The problem is that they (have the ability to) continue to make those decisions afterwards. You could have "known" an iPhone could run Fortnite at the moment you bought it and then after you received it in the mail discovered that they had decided you were no longer allowed to do that.

You could then say "well I bought it knowing they had the ability to change anything at any time" but I'm not sure I agree that you can give informed consent to a blank check.

1 comments

It’s pretty easy to conclude that Apple will remove software the deliberately breaches their terms of service.

Epic knew it, and the chose to breach the terms of service on purpose to cause this effect. Epic intentionally triggered a contract term that they knew would result in their software being removed from their customer’s devices.

They were given an opportunity by both Apple and the court to restore their software to compliance and still get to continue the lawsuit.
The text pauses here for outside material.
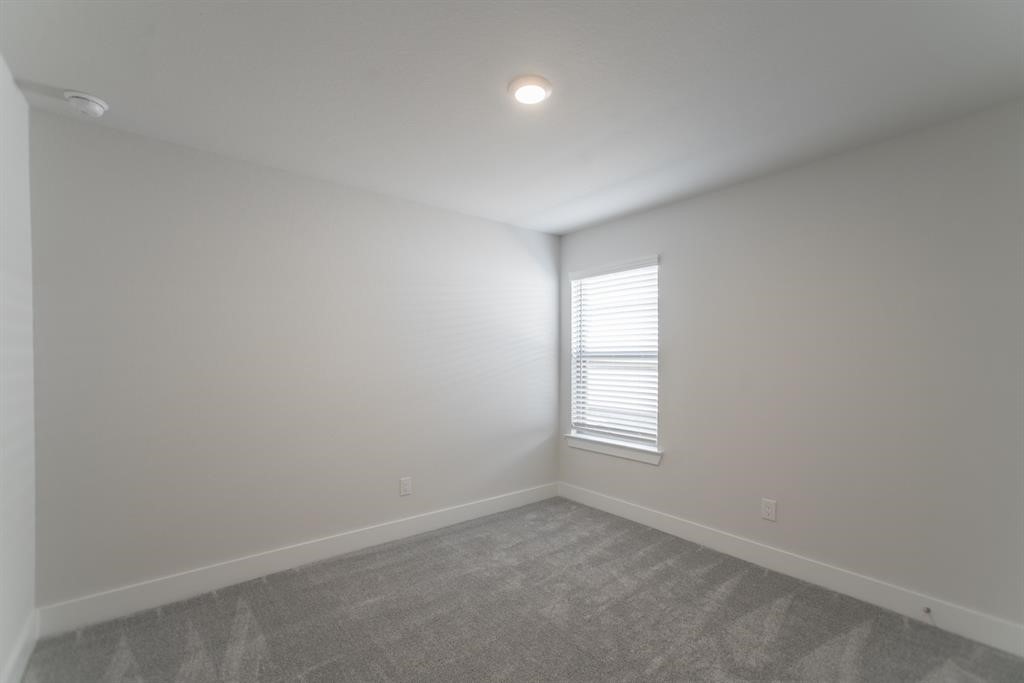 10626 Whitejacket Drive Property Photo 17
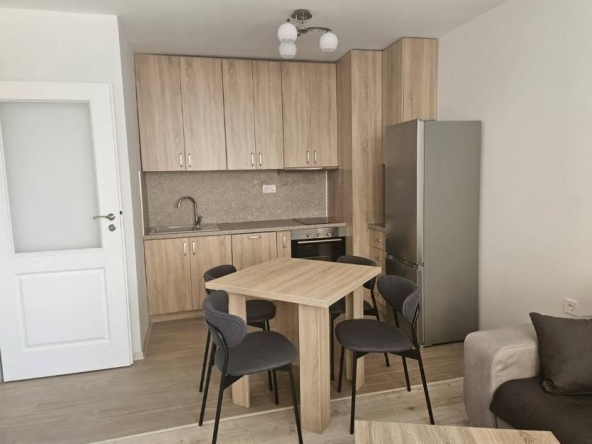 Дава се под наем Двустаен апартамент в Пловдив, Южен - 62 кв.м за 415 € - Снимка #1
This is 100% Epic’s responsibility.

They could have sued Apple without deliberately breaching the contract, but they chose to make their customers into pawns in their legal strategy.

I don't support what Epic did but whether or not it was justified is irrelevant here. A modification was made to the functionality of your device after the moment of purchase, that remains true regardless. And you could not have foreseen that specific modification to your device unless you worked at Epic and had internal knowledge of their plans.

You effectively need to know what every company in the world is doing to have any real idea what your device is going to be able to do tomorrow. Under those conditions I don't think you can say you were informed when you purchased it.

Your standard can never be met. Even if no changes were made after the sale, no human can fully predict the behavior of even an open source modern operating system, let alone a closed source one.

But I disagree that people weren’t informed. It is common knowledge and widely advertised that Apple issues software updates, and it is widely known that Apple enforces its store rules.

The information about what changes could be made and by whom was readily available to purchasers.